Learning Rate and Convergence
This is the first of several Playground exercises. Playground is a program developed especially for this course to teach machine learning principles.
Each Playground exercise generates a dataset. The label for this dataset has two possible values. You could think of those two possible values as spam vs. not spam or perhaps healthy trees vs. sick trees. The goal of most exercises is to tweak various hyperparameters to build a model that successfully classifies (separates or distinguishes) one label value from the other. Note that most data sets contain a certain amount of noise that will make it impossible to successfully classify every example.
Click the plus icon for an explanation of model visualization.
Each Playground exercise displays a visualization of the current state of the model.
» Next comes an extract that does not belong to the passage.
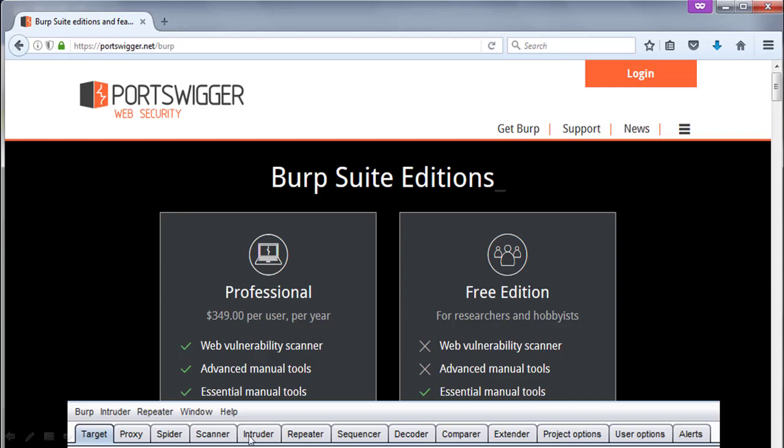These are the tools in Burpsuite: Proxy, Spider, Scanner, Intruder, Repeater, etc. We are going to have a demo of these tools soon.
For example, here's a visualization:
Note the following about the model visualization:
- Each axis represents a specific feature. In the case of spam vs. not spam, the features could be the word count and the number of recipients of the email.
- Each dot plots the feature values for one example of the data, such as an email.
- The color of the dot represents the class that the example belongs to. For example, the blue dots can represent non-spam emails while the orange dots can represent spam emails.
- The background color represents the model's prediction of where examples of that color should be found. A blue background around a blue dot means that the model is correctly predicting that example. Conversely, an orange background around a blue dot means that the model is incorrectly predicting that example.
- The background blues and oranges are scaled. For example, the left side of the visualization is solid blue but gradually fades to white in the center of the visualization. You can think of the color strength as suggesting the model's confidence in its guess. So solid blue means that the model is very confident about its guess and light blue means that the model is less confident. (The model visualization shown in the figure is doing a poor job of prediction.)
Use the visualization to judge your model's progress. ("Excellent—most of the blue dots have a blue background" or "Oh no! The blue dots have an orange background.") Beyond the colors, Playground also displays the model's current loss numerically. ("Oh no! Loss is going up instead of down.")
The interface for this exercise provides three buttons:
|Icon||Name||What it Does|
|Reset||Resets Iterations to 0. Resets any weights that model had already learned.|
|Step||Advance one iteration. With each iteration, the model changes—sometimes subtly and sometimes dramatically.|
|Regenerate||Generates a new data set. Does not reset Iterations.|
In this first Playground exercise, you'll experiment with learning rate by performing two tasks.
Task 1: Notice the Learning rate menu at the top-right of Playground. The given Learning rate—3—is very high. Observe how that high Learning rate affects your model by clicking the "Step" button 10 or 20 times. After each early iteration, notice how the model visualization changes dramatically. You might even see some instability after the model appears to have converged. Also notice the lines running from x1 and x2 to the model visualization. The weights of these lines indicate the weights of those features in the model. That is, a thick line indicates a high weight.
Task 2: Do the following:
- Press the Reset button.
- Lower the Learning rate.
- Press the Step button a bunch of times.
How did the lower learning rate impact convergence? Examine both the number of steps needed for the model to converge, and also how smoothly and steadily the model converges. Experiment with even lower values of learning rate. Can you find a learning rate too slow to be useful? (You'll find a discussion just below the exercise.)
Click the plus icon for a discussion about Task 2.
Due to the non-deterministic nature of Playground exercises, we can't always provide answers that will correspond exactly with your data set. That said, a learning rate of 0.1 converged efficiently for us. Smaller learning rates took much longer to converge; that is, smaller learning rates were too slow to be useful.